E’ mio desiderio, oggi, di condividere una riflessione ispirata  dalla Festa della Divina Misericordia, Festa e riflessione che calzano alla perfezione anche con una visione culturale laica, orientata ad un’ecologia mentale, che ci guida ad un atteggiamento di fiducia profonda in noi stessi e nel nostro prossimo e per chi crede, in quella Misericordia che si concretizza nella consapevolezza di ricevere in abbondanza a nostra volta, nelle inevitabili traversie delle nostre vite, comprensione per i nostri limiti, perdono per i nostri errori, accettazione per il nostro diritto a non omologarci, in misura proporzionata a quanto noi viviamo tutto ciò, con il nostro prossimo.
Perché questa riflessione e perché proprio oggi?
Confesso, da vaccinato con Astra Zeneca, il mio profondo fastidio nel recepire le “notizie apocalittiche” sui complotti collegati alla pandemia ed agli “oscuri progetti stragisti” legati a certi vaccini. Certe notizie non vanno neanche prese in considerazione e trovo assurda ricerca di dietrologie, il sospetto, il benaltrismo, il voler vedere a tutti i costi, negli eventi della storia di questa nostra povera umanità, il “braccio della giustizia divina, pronto a brandire la mannaia della morte per spianare un’umana genia, resasi colpevole di ignobili scelte”.

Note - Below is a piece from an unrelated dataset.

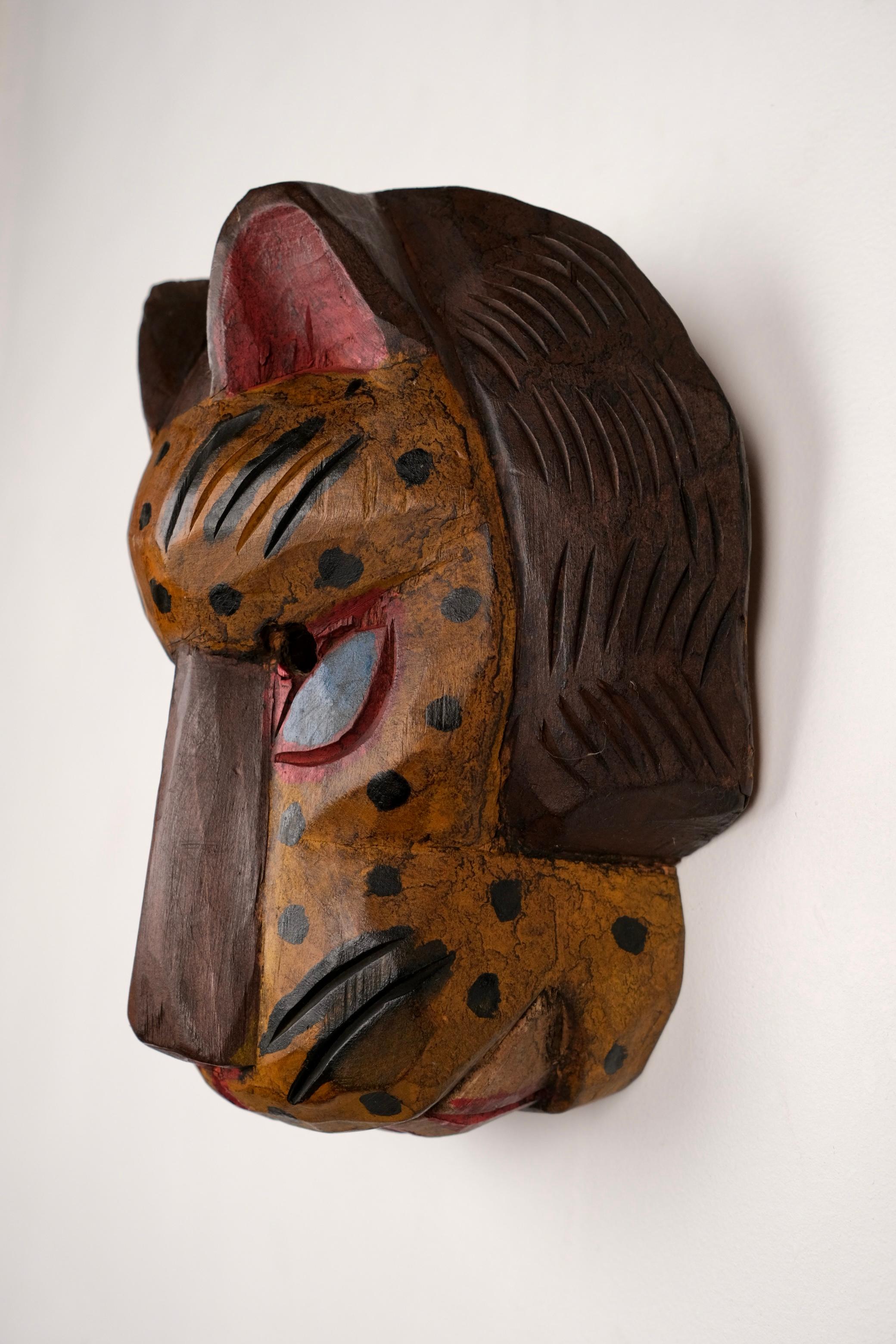 Set of 3 animal masks in wood, Guatemala, 1980s 9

Tutto ciò è l’antitesi della Volontà di un Dio, come quello Cristiano, che nella consapevolezza della nostra libertà e della nostra estrema fragilità, ci dona strumenti e braccia spalancate per costruire percorsi di “rinascita” e recupero da eventi collegati spesso a scelte scellerate da parte dell’uomo (manipolazioni genetiche, uso scriteriato delle scoperte scientifiche, corsa agli armamenti, economie iperliberiste …) ma anche a processi di evoluzione naturale, che da sempre affliggono la vita sulla Terra.

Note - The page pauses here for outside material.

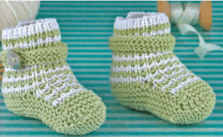 Baby Booties with Button Straps – Free Knitting Pattern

In tutto ciò, l’atteggiamento con cui affrontiamo l’inevitabile che oggi incombe su di noi, da come lo accogliamo a come ad esso reagiamo, fa la differenza nella ricerca di vie d’uscita che ci preservino non solo dal contagio da virus, ma anche dal deterioramento della nostra salute mentale (tanto messa alla prova in questo momento) e non da ultimo, da come ci rapportiamo con il nostro prossimo.
Lo dico soprattutto a me stesso, ma desidero farne dono a tutti coloro che mi stanno a cuore: cerchiamo di essere sempre misericordiosi con noi stessi, non prendiamoci troppo sul serio, i nostri limiti non sono una condanna, sono il giusto stimolo a cercare di migliorarci!

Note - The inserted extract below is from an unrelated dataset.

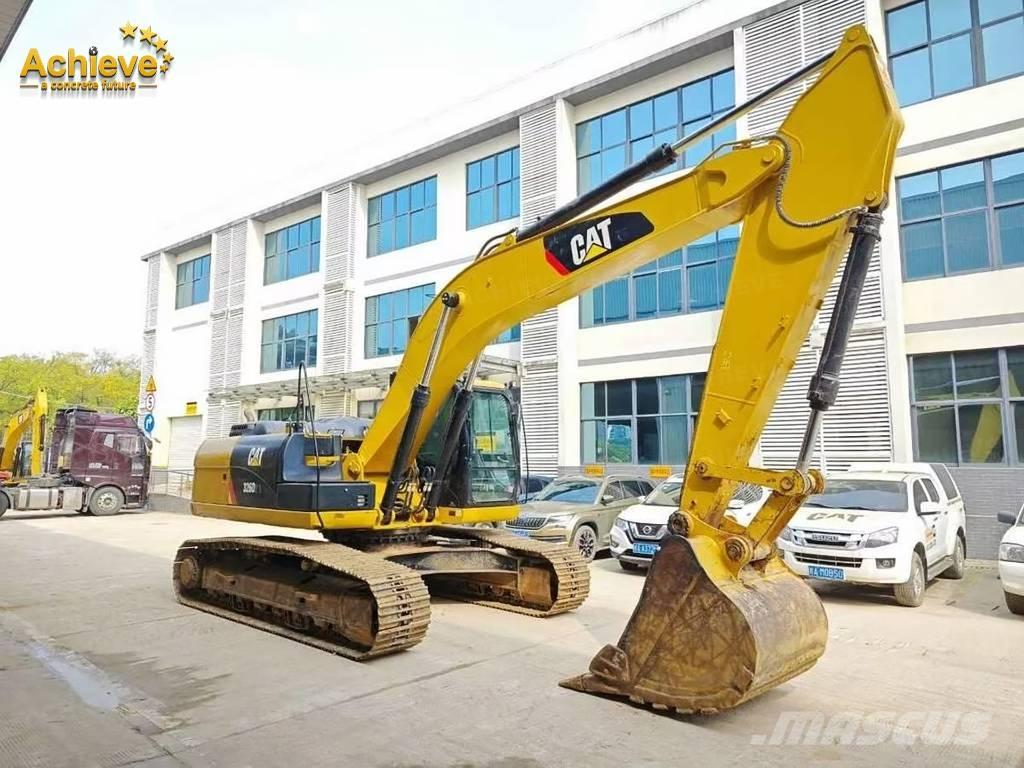 CAT 326D2L Pelle sur chenilles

Solo partendo da una visione benevola di ciò che siamo, legati al principio cristiano dell’ “Ama il prossimo tuo, come te stesso”, potremo esercitare verso il prossimo, senza doverci sforzare, quella Misericordia che renderà migliore questa nostra povera umanità, scacciando una volta per tutte, la tentazione di credere che nel disastro attuale, si debbano cercare vie d’uscita, facendo a gara per rincorrere immagini di morte e distruzione, complotti e nemici, cui vengono attribuiti poteri maleficamente ineluttabili.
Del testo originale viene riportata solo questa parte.